Haywood dives way to state finals
Eagle freshman hoping to make state’s top 16
Many participants would have been frustrated to ride nearly an hour on a bus to an athletic competition, only to have the event postponed a day to require a return trip.
For South Putnam freshman Lee Haywood, such a scenario played out this week — but he didn’t mind a bit.
The IHSAA diving regional was scheduled to take place at Brownsburg High School on Tuesday, but a fire in the school laundry room forced the event to be moved back a day.
Haywood thinks that change may have reduced any nervousness he had, and he was able to finish eighth in the regional a day later to earn a spot in Saturday’s IHSAA state finals at the IUPUI Natatorium.
Haywood enters the state finals with the 18th-best regional score among the 32 qualifiers.
Seniors make up half of the state finals field, while nine juniors and five sophomores are also in the hunt.
Haywood is one of just two freshmen to advance this far, and his regional score was considerably better than the other ninth-grader (Delta’s Samuel Bennett).

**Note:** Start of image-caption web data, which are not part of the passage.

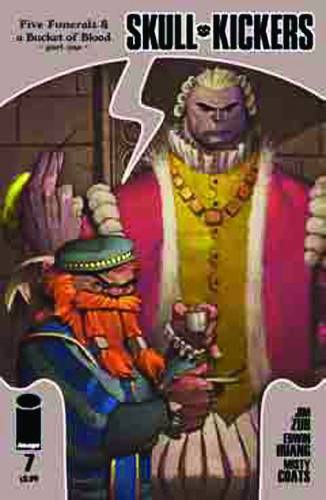 Skullkickers #7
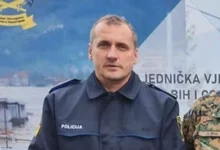 Photo of Damir Bogunić ponovo policijski komesar BPK: U narednoj godini planiran prijem 30 policajaca
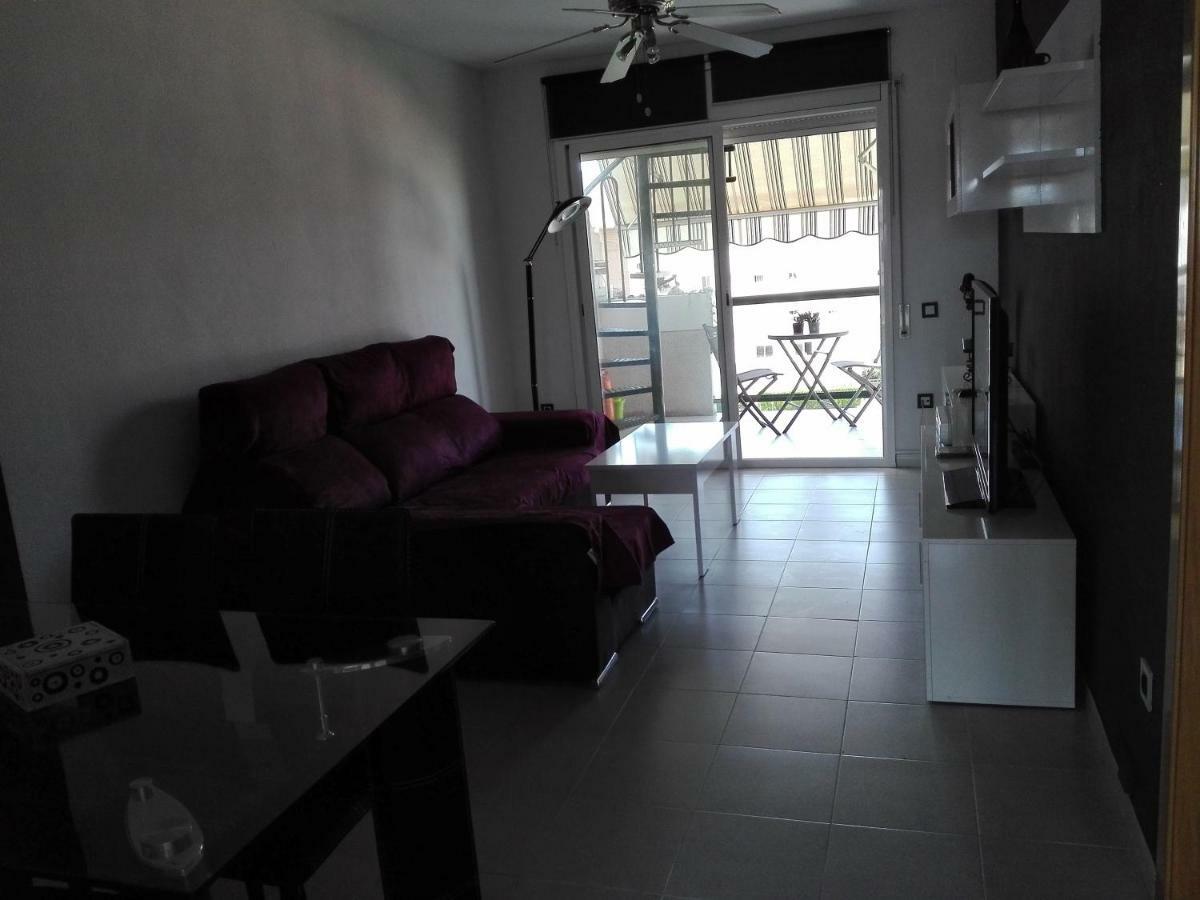 Apartamento Estacio Torredembarra Extérieur photo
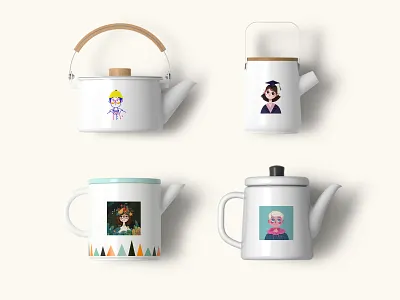 Cup cup design flat，illustrantions flat，illustrations，people flat，people，illustrantions illustration pink vector 平，人，illustrantions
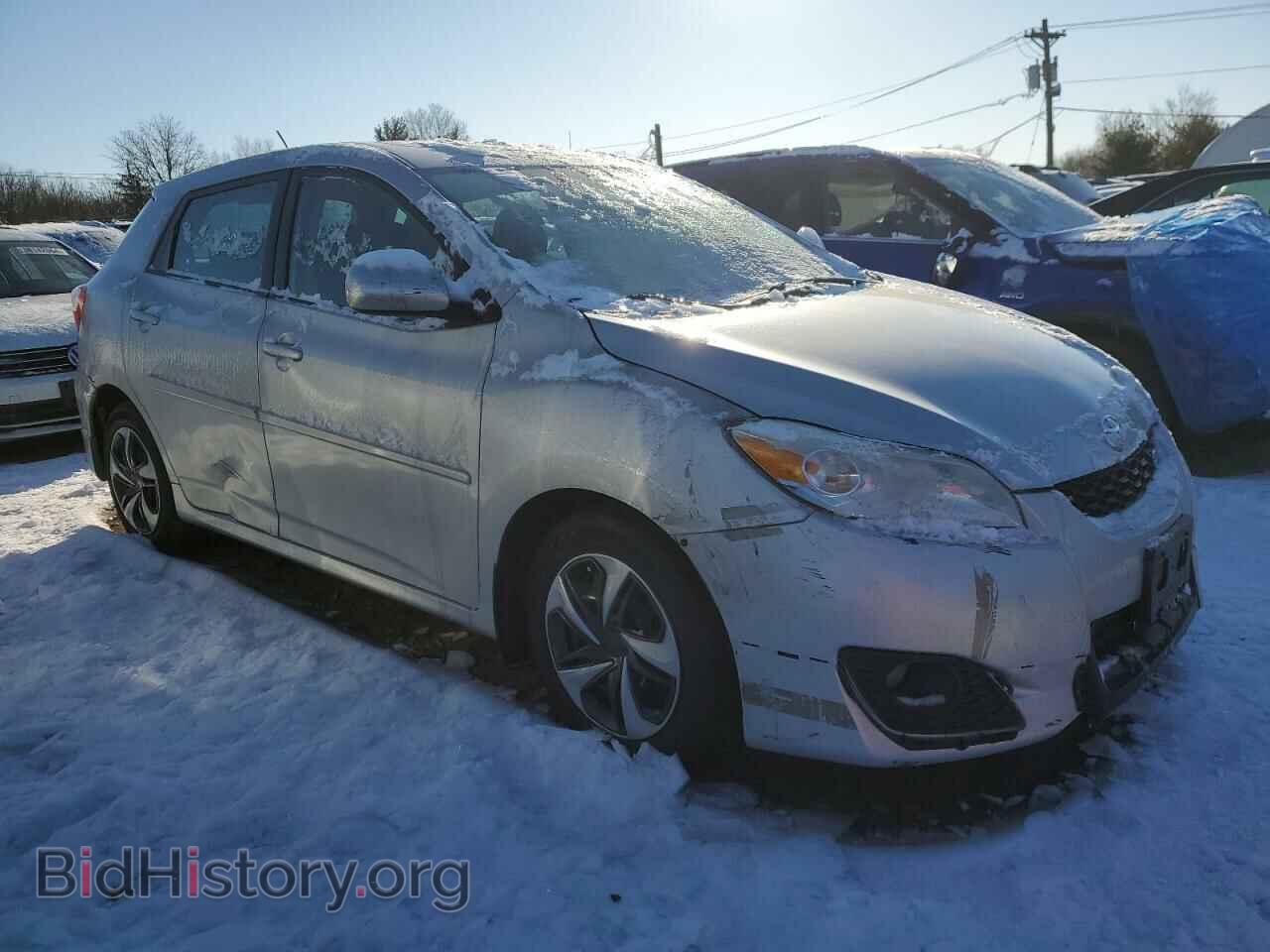 2009 TOYOTA COROLLA - VIN: 2T1KE40E59C020941 - Фото 4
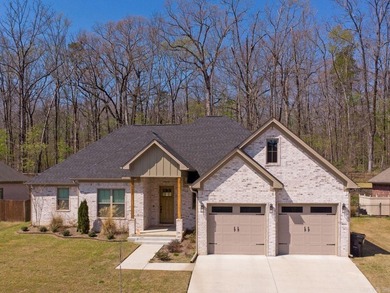 Hurricane Lake Home Active Under Contract in Benton Arkansas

“I felt a lot better the second day than the first day,” Haywood admitted about the regional structure. “I definitely had a lot less nerves.”
Haywood has competed long enough that he can tell when he hits the water if he is likely to get a good score or not.
He tries to guess his score before the judges make their final decision.
“Yeah, on every dive,” he said. “I am right sometimes.”
Making the state finals as a freshman may seem a long shot, but it has been a goal of Haywood’s.
Haywood has honed his diving techniques through a club called RipFest, based at Brownsburg and Ben Davis.
Through RipFest, Haywood has competed in the USA Diving Nationals three times.
“I did decent there, but not the best I could have done,” he said. “Last year, it was at Ohio State. On the one-meter board I was 17th out of 40 divers.”
Haywood is not a big guy, probably just a shade north of five feet tall and 100 pounds.
Teresa Trout, South Putnam’s diving coach, doesn’t think an athlete’s body has an effect on performance.
“The most important thing is knowing the dive and just be able to tuck or pike correctly,” Trout said. “He has the capabilities of doing all the dives really well. I think for a freshman he’s just really exceeded over and beyond a lot of divers.”
Haywood set the 11-dive school record this year, but was not able to beat the six-dive record.
He placed third in the Western Indiana Conference meet last month, and was third in the sectional earlier this month which allowed him to advance to the regional.
Haywood’s sectional score was 447.95, a much higher total than his regional number.
Trout does not claim credit for Haywood’s successes.
“He has spent a lot of time on the diving board,” she said. “He has had a lot of other coaches who have put a lot of time into him, like coach [Anna] Kendall or the other club coaches who have worked with him to develop his muscles with weight training.
“He has worked and has great parents who have pushed him.”
Haywood recalls when and where he first took an interest in the sport.
“The first time I started diving was at the Greencastle city pool when I was about 10 years old,” Haywood recalled before practice on Thursday. “The lifeguards could get me to do about anything, and the first dive I did was a reverse somersault.”
He credits his success to one basic fundamental aspect common to all sports.
“A lot of practice,” he said. “The hardest part is the mental part. On doing a new dive, it’s really just going through your mind and you think you’re going to get hurt.”
The first round of diving starts at 9 a.m. on Saturday, with the top 16 divers advancing to the championship finals in the afternoon.
“He can finish in the top 16 and make the finals,” Trout said. “His scores compare pretty well to the others.”
Haywood understandably feels a little bit of nervousness, but he doesn’t think it will affect him.
“I’m really excited for it,” he said. “I’ve been in a lot of big meets before.”
Haywood’s regional score was only about two-thirds of that of the top finisher, so winning this year does not seem like a likelihood.
“I would like to win the state title someday,” he said. “And I’d like to dive in college.”
When asked if there is any certain thing he needs to work on in order to succeed on Saturday, he looked briefly and hung his head before nodding.
“I know what you’re going to say,” Haywood said to his coach. “Point my toes. I’ve been told that a bunch of times all season. I’m definitely going to point my toes on Saturday.”